Sunday, August 23, 2015

Runtime Partial Specialization Dispatch

Sorry about the delay. After last post, I decided to implement runtime partial specialization to keep the behavior of the language consistent - if you have a method override that is a better "match" for your arguments, then Tangent will use it.

It turns out that was not quite as straightforward as I would've liked. The issues were mostly in how I was working with product types. In Tangent, a type tends to be anonymous and self-contained. Type Declarations on the other hand supply names and generic parameters for types. This caused an issue with compilation since generic product type constructors didn't really know where their generic bits came from. So by the time they made it down to the code-gen, I couldn't construct the appropriate .NET type.

Of course, it took a while to actually figure out that was the issue - after it took a while to write up the partial specialization dispatch code into the code-gen. Anyways - this example code now works:

foo(T) :> f(x: T){}

do(x: (T)) => void {
  print "in generic";
}

do(x: foo(T)) => void {
  print "in foo generic";
}

do(x: foo int) => void {
  print "in foo int";
}

bar(x: (T))=> void{
  do x;
}

entrypoint => void {
  bar "bar";
  bar f "bar";
  bar f 42;
}

Producing the properly dispatched output:

in generic
in foo generic
in foo int

I'm not sure if it's going to stay in the implementation or not. The dispatch for the most generic function is about 60 CIL operations, and doing type inference for the partial specialization requires reflection trickery. In short - it is slow, and slow in a way that I doubt could be improved too much.

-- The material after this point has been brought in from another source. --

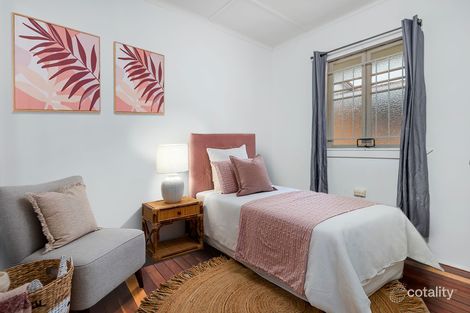 Property photo of 51 Seabreeze Road Manly West QLD 4179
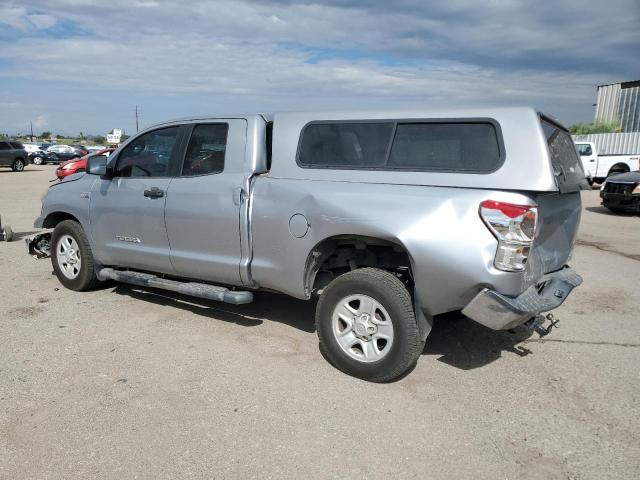 5TFUY5F13CX269659 - 2012 TOYOTA TUNDRA DOUBLE CAB SR5 SILVER photo 2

I'll revisit it once I have users to complain about it.

Saturday, July 25, 2015

Runtime Generic Dispatch

As promised, doing some of the basic compile time generic specialization I showed last time during runtime was next on the list. It is now done. The following test code will now properly dispatch at runtime based on the type of the parameters passed into bar:

foo (x: (T)) => void {
  print "in inference";
}

foo (x: int) => void {
  print "in int.";
}

bar (x: (T)) => void {
  foo x;
}

entrypoint => void {
  bar "bar";
  bar 42;
}

This though had a bit of a sticking point. Visual Studio compiles the basic type check as something like this:

  IL_0001:  ldtoken    [mscorlib]System.Int32
  IL_0006:  call       class [mscorlib]System.Type [mscorlib]System.Type::GetTypeFromHandle(valuetype [mscorlib]System.RuntimeTypeHandle)
  IL_000b:  ldarga.s   'value'
  IL_000d:  constrained. !!fooT
  IL_0013:  callvirt   instance class [mscorlib]System.Type [mscorlib]System.Object::GetType()
  IL_0018:  call       bool [mscorlib]System.Type::op_Equality(class [mscorlib]System.Type, class [mscorlib]System.Type)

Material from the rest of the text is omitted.